Intro to Support Vector Machines with a Trading Example

Let’s try to understand Support Vector Machines and how to implement them in financial markets

Published in

Towards Data Science

11 min readOct 30, 2019

Just like any other machine learning algorithm does, a support vector machine (SVM) takes data as input, attempts to find & recognize patterns, and then tells us what it learned. Support vector machines fall into the category of supervised learning, which means that it creates a function that will map a given input to an output. More specifically, an SVM is a classification algorithm.

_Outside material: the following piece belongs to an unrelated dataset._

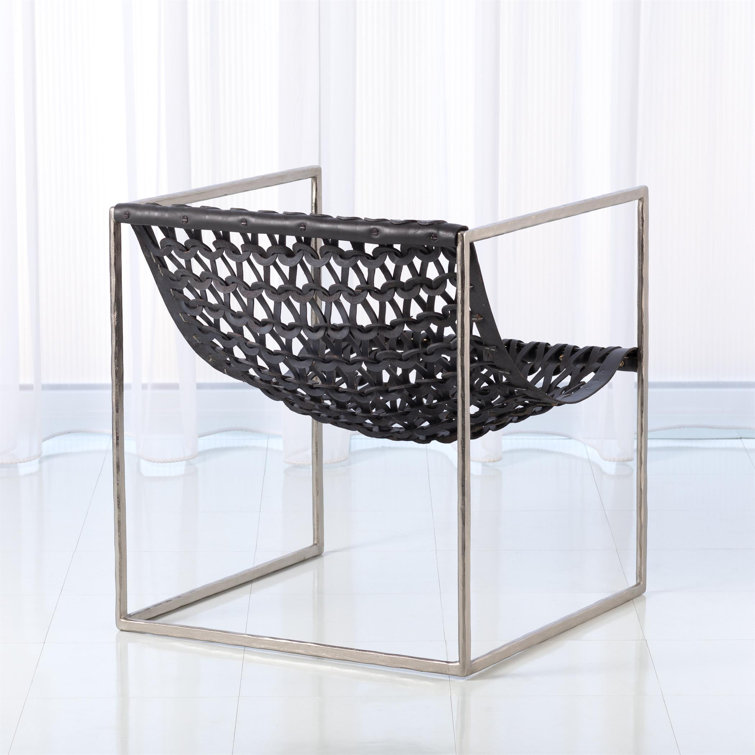 Contemporary Nickel & Gray Leather Armchair with Sled Base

Before we can start implementing trading algorithms and seeking alpha, let’s figure out how an SVM works

Maximal Margin Classifier

The support vector machine algorithm comes from the maximal margin classifier. The maximal margin classifier uses the distance from a given decision boundary to classify an input. The greater the distance, or margin, the better the classifier is at handling the data. On a Cartesian plane, the boundary can be thought of as a line. In three dimensional space, it is a plane, but after that, it becomes hard to conceptualize. This boundary can be better thought of as a hyperplane, specifically one of dimension p-1, where p is the dimension of the data point.
Our boundary, or hyperplane, is known as a separating hyperplane, because it is used to separate the data points into desired categories. In general, there are many hyperplanes that can separate a given data set, but the one we care about is the maximal margin hyperplane or the optimal separating hyperplane. This separating hyperplane is the one with the largest minimum distance from each data point in the training set. By using this hyperplane to classify a data point from the test set, we have the maximal margin classifier.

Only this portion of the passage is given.